One of the things that I love most about Gyrotonic is it’s malleability. The movements are organic and universal enough to translate to almost anything else that I am doing in my life. I don’t “do Gyro” so that I can get really talented at “doing Gyro”. For me, it is a useful tool on my journey of self knowledge, understanding, and breakthrough. The physicality of the technique helps me to notice my movement habits, acknowledge where and when I hold tension, and ultimately to change, advance, evolve. With the appearance of spring in Durango, my thoughts turn to how Gyro can help those pursuing the sport of golf, whether professionally, or in the spirit of good fun.

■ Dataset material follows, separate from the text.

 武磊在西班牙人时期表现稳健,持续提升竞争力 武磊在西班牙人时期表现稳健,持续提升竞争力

Watching golfers is a bit deceiving in my opinion. Their athleticism is not as immediately obvious as say a basketball or football player. I mean hey, they get to ride in carts from hole to hole, pretty luxurious no? On further inspection though there is a ton of coordination, strength, power, and flexibility necessary, particularly during the golf swing. These guys and gals can’t just hop onto the course on a balmy spring day and expect to play perfectly. It becomes clear that some kind of cross training is needed in order to prepare the player for all they will face during a game. Strength training is great for building muscle, keeping bones healthy, and creating a more powerful body with which to play. Flexibility training is equally important to keep those strong muscles supple and responsive. However, isolating these two things is not the most ideal method.

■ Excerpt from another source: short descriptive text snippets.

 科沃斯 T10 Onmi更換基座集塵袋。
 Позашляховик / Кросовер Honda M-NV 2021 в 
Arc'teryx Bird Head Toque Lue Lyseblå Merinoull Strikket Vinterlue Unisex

Enter Gyrotonic exercise, which has strength and flexibility components built into every move! Imagine being able to strengthen your muscles while you lengthen them, it’s like your work is cut in half! Genius! Take the spine for instance. During an ideal golf swing you must keep the spine long and spiraling around your center of gravity while at the same time creating enough power to hit that ball as far as you’d like it to go. Or the pelvis. It must also be flexible enough to spiral easily on top of your legs, which need to be able to hold you up and shift your weight as you swing. The arms need to be able to rotate, and bend without restriction. The wrists need to be strong and clear about how they guide the club through the air. Oh yeah, you should probably breathe a little bit too. If one of these things is not in optimal working condition, it can lead to injuries that can take you out of the game for weeks, months, or worse, become a chronic issue. Just watching someone with a tight, held pelvis, a hunched spine, and shoulders that are up to their ears as they move with rapid force sends sympathy pains coursing through my body!

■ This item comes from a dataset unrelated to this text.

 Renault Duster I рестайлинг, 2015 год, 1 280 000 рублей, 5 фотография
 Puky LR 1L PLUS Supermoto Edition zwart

Unfortunately, merely being strong and flexible does not automatically make you a superb golfer. You must also learn how to coordinate all of the elements of a golf swing with your new, loose, supple and strong body. Gyrotonic creator, Juliu Horvath, worked extensively with PGA tour instructor Dave Rasmussen to create a program specifically designed for golfers. This program predominantly addresses problems that players have with their swing. I was fortunate enough to take this course with Dave five years ago, and have since enjoyed analyzing players habitual movement patterns, and helping them make breakthroughs in their game.
In my experience, Gyrotonic exercises coupled with private golf instruction is the perfect combination of form and technique. Ultimately, golf is just a game, but what if you could play it with strength, ease, and confidence while minimizing pain and injury? Maybe then it would just be (gasp) fun?!